RISK FACTORS RELATING TO THE COMPANY’S OPERATIONS

THE COMPANY’S SALES VOLUME SUBSTANTIALLY DEPENDS ON THE SALES VOLUME OF THE COMPANY’S ORIGINAL EQUIPMENT MANUFACTURER CUSTOMERS AND ON INVESTMENT IN MAJOR CAPITAL EXPANSION PROGRAMS BY END-USER SEMICONDUCTOR MANUFACTURING COMPANIES.

         The Company sells a majority of its tool automation products to original equipment manufacturers that incorporate the Company’s products into their equipment. Therefore, the Company’s revenues depend on the ability of these customers to develop, market and sell their equipment in a timely, cost-effective manner. Approximately 56% of Brooks’ total revenue in its fiscal 2001 came from sales to original equipment manufacturers. Almost all of PRI’s revenue from its OEM Systems division, which accounted for approximately 39% of PRI’s total net revenue in fiscal 2001, came from sales to original equipment manufacturers. Approximately 30% of the pro forma combined revenues of Brooks and PRI for the three quarters ended June 30, 2002 came from sales to these customers.

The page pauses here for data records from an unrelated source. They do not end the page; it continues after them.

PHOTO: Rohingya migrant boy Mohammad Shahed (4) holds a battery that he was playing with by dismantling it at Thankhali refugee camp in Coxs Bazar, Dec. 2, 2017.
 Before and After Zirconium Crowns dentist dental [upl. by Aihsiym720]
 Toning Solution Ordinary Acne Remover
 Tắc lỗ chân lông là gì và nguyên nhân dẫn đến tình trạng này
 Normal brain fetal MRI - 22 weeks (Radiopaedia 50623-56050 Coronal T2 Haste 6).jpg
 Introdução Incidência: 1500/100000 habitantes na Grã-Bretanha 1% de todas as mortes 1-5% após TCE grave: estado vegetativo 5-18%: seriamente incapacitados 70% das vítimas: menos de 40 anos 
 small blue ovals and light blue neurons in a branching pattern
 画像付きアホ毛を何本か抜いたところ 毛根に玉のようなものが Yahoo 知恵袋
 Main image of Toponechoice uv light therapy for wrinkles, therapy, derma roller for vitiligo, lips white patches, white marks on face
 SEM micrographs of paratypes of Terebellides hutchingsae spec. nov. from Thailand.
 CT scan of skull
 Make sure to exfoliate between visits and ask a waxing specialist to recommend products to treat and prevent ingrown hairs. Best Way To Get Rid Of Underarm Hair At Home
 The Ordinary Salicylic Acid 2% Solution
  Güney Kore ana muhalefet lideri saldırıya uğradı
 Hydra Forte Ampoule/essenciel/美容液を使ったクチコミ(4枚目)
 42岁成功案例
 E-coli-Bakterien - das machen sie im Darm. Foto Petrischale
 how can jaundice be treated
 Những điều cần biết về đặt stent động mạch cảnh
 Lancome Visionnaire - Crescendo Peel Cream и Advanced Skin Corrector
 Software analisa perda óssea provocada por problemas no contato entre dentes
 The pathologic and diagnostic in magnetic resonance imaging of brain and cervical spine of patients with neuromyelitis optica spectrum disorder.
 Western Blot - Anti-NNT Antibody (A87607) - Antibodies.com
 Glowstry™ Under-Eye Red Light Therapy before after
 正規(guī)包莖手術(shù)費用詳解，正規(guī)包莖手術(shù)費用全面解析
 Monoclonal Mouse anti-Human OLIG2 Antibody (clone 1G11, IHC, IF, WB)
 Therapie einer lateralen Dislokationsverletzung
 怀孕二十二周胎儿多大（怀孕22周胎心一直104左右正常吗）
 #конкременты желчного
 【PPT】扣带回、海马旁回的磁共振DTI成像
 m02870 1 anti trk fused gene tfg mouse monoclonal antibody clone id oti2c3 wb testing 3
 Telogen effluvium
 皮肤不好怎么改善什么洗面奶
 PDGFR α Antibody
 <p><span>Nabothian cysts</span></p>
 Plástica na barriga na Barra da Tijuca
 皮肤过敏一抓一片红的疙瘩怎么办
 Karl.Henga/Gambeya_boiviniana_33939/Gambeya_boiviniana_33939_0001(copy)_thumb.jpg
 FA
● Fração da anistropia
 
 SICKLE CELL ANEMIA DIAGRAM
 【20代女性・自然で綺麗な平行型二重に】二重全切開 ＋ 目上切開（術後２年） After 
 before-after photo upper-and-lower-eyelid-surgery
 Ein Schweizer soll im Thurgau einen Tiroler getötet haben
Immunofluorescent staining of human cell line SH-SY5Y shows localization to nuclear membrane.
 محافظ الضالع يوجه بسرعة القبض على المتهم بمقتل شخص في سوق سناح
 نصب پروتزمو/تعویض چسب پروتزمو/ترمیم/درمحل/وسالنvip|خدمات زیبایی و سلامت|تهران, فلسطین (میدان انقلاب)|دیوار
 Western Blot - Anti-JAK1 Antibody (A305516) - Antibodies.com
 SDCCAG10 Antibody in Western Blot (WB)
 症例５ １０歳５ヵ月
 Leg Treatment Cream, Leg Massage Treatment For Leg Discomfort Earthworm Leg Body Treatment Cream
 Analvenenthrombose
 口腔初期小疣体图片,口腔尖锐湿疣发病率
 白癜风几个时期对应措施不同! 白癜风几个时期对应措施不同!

         The Company also generates significant revenues from large orders from semiconductor manufacturing companies that build new plants or invest in major automation retrofits. The Company’s revenues depend, in part, on continued capital investment by semiconductor manufacturing companies. Approximately 44% of Brooks’ total revenue in fiscal 2001 came from sales to semiconductor manufacturing companies. Almost all of PRI’s revenue from its Factory Systems and Software Systems divisions, which accounted for approximately 61% of PRI’s total net revenue in fiscal 2001 came from sales to semiconductor manufacturing companies. Approximately 70% of the pro forma combined revenues of Brooks and PRI for the three quarters ended June 30, 2002 came from sales to these customers.

DEMAND FOR THE COMPANY’S PRODUCTS FLUCTUATES RAPIDLY AND UNPREDICTABLY, WHICH MAKES IT DIFFICULT TO MANAGE ITS BUSINESS EFFICIENTLY AND CAN REDUCE ITS GROSS MARGINS AND PROFITABILITY.

         The Company’s expense levels are based in part on its expectations for future demand. Many expenses, particularly those relating to capital equipment and manufacturing overhead, are relatively fixed. The rapid and unpredictable shifts in demand for the Company’s products make it difficult to plan manufacturing capacity and business operations efficiently. If demand is significantly below expectations, the Company may be unable to rapidly reduce these fixed costs, which can diminish gross margins and cause losses. A sudden downturn may also leave the Company with excess inventory, which may be rendered obsolete as products evolve during the downturn and demand shifts to newer products. For example, as a result of the current industry downturn, PRI before the merger recorded special charges in the second and fourth quarters of fiscal year 2001 in the aggregate amount of $9.7 million relating to inventory write-downs and costs associated with order cancellations. In addition to and as a result of the industry downturn, Brooks before the merger recorded special charges in the fourth quarter related to inventory writedowns and costs of $9.4 million for excess and obsolete inventories and $1.5 million for non-cancelable vendor purchase order obligations. The Company’s ability to reduce expenses is further constrained because it must continue to invest in research and development to maintain its competitive position and to maintain service and support for its existing global customer base. Conversely, in sudden upturns, the Company sometimes incurs significant expenses to rapidly expedite delivery of components, procure scarce components and outsource additional manufacturing processes. These expenses could reduce its gross margins and overall profitability. Any of these results could seriously harm the Company’s business.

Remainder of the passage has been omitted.